■ PROMPT ■
Please repeat the lines below exactly. Begin with the line containing "Collectif - Réussir" and go on through the line containing "Estados Unidos Vs".

■ RECORD SET ■
------

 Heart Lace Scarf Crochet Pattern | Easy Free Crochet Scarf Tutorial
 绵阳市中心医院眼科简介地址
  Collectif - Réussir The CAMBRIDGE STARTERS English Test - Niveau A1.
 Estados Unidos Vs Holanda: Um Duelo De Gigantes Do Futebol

------

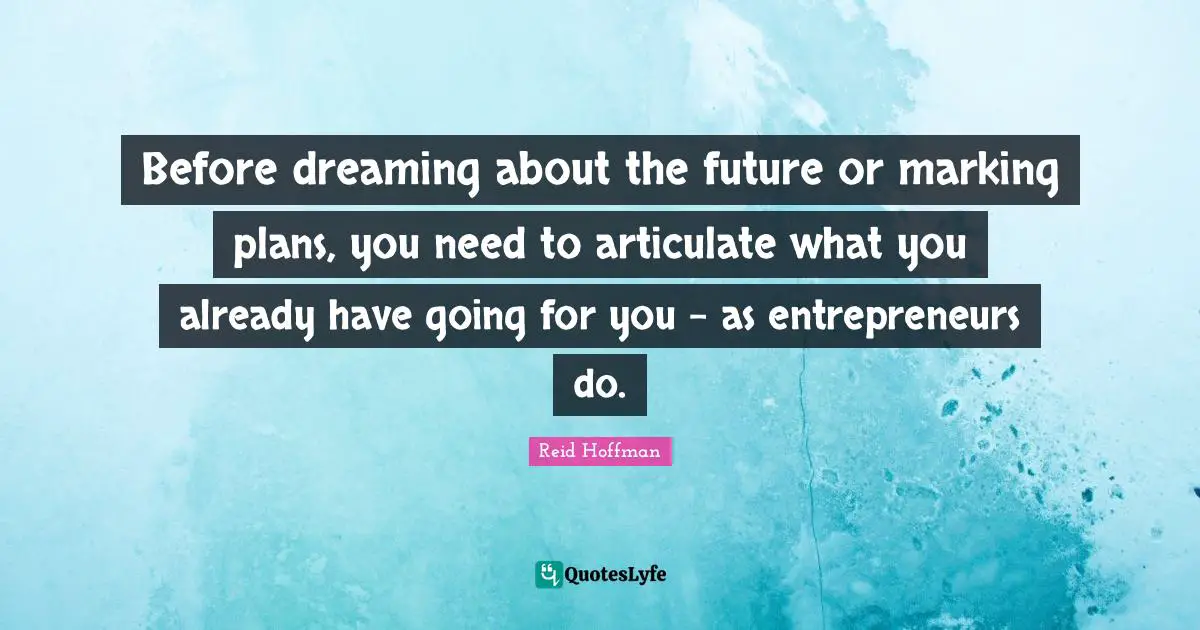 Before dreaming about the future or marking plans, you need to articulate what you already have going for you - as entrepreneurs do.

------

■ SOLUTION TO THIS TASK ■
  Collectif - Réussir The CAMBRIDGE STARTERS English Test - Niveau A1.
 Estados Unidos Vs Holanda: Um Duelo De Gigantes Do Futebol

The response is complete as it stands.